Copy each line below that contains "Great".

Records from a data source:
[Start of Attachment]

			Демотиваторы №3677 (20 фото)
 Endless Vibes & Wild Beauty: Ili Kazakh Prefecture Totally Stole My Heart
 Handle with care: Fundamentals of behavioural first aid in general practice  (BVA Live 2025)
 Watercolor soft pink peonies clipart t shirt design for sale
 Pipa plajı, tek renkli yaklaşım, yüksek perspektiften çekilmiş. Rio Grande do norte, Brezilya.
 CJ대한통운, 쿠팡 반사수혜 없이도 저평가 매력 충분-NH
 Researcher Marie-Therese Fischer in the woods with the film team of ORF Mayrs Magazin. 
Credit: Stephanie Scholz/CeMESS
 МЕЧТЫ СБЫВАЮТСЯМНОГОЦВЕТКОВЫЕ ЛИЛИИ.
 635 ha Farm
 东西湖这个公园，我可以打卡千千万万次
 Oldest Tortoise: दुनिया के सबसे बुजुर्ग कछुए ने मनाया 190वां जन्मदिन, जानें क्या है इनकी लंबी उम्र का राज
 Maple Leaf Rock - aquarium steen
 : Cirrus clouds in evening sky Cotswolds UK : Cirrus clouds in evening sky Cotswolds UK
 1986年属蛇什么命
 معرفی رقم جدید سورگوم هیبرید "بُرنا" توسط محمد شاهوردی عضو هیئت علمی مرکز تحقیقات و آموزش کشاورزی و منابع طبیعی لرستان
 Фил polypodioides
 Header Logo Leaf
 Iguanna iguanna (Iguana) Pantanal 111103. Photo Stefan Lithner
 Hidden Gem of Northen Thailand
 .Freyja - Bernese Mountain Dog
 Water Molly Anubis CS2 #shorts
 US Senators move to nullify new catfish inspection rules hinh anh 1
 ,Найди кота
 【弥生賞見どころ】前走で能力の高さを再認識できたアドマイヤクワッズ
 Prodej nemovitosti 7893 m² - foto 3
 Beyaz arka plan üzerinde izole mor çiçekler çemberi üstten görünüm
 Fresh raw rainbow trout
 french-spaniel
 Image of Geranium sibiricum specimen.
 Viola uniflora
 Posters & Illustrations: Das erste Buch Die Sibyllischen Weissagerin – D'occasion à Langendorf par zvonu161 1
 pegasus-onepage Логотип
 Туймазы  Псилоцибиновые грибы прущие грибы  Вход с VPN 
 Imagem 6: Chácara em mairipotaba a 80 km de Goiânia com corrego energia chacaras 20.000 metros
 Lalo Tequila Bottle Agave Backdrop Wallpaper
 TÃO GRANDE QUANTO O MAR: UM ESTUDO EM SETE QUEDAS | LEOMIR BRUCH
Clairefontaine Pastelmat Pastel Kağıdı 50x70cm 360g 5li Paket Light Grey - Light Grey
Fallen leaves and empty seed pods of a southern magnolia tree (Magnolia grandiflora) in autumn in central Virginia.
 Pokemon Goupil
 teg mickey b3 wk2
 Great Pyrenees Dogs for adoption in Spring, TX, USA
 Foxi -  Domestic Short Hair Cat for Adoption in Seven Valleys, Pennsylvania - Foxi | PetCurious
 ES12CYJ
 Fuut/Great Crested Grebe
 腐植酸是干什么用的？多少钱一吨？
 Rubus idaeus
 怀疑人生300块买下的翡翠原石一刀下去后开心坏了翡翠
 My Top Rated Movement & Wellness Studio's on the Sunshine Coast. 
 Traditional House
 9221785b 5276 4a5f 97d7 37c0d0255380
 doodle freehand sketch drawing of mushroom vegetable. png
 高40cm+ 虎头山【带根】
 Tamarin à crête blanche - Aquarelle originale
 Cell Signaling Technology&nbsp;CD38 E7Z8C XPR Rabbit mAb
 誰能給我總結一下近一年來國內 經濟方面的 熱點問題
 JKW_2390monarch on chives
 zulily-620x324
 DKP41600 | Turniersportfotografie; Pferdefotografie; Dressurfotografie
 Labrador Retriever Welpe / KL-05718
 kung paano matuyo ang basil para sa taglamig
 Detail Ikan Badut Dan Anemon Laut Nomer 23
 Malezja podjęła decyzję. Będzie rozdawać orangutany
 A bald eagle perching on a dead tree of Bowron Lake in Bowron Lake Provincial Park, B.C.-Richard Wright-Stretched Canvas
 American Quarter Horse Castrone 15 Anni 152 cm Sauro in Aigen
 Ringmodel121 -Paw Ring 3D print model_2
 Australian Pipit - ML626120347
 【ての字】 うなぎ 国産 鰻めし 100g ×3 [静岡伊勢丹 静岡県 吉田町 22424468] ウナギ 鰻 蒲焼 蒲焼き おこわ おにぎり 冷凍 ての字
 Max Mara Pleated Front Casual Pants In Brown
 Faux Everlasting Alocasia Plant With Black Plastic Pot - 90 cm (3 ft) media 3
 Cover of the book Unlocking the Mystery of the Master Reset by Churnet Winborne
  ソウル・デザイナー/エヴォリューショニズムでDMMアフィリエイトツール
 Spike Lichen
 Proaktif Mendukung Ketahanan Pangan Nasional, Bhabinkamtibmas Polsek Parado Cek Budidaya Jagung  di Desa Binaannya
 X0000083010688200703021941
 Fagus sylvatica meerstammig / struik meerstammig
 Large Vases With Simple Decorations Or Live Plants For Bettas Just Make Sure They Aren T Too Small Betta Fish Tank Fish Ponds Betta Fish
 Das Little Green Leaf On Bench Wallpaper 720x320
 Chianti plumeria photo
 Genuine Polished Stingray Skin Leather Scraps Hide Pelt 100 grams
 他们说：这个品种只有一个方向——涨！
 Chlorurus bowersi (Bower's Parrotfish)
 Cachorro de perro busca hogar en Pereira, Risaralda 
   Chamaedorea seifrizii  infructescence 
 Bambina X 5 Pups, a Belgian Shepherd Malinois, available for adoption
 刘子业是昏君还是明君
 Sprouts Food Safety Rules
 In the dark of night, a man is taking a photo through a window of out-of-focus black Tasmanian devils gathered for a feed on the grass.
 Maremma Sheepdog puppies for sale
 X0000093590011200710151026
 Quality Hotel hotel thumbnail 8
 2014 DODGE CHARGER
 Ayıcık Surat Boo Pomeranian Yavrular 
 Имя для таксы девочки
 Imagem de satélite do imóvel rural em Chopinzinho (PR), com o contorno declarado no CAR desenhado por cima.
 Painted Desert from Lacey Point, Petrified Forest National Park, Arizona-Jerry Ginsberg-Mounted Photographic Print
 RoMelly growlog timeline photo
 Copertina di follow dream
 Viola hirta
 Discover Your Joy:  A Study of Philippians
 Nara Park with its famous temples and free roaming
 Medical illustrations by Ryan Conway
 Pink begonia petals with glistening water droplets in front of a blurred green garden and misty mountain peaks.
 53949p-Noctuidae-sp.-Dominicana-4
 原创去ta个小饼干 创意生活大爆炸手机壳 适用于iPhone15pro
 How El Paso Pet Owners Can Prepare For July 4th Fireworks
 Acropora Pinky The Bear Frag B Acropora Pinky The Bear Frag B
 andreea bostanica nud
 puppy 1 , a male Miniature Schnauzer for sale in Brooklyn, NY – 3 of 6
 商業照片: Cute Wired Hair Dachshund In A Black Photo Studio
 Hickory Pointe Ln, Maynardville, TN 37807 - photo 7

[End of Attachment]

**Reply to the task**:
 Great Pyrenees Dogs for adoption in Spring, TX, USA
 Fuut/Great Crested Grebe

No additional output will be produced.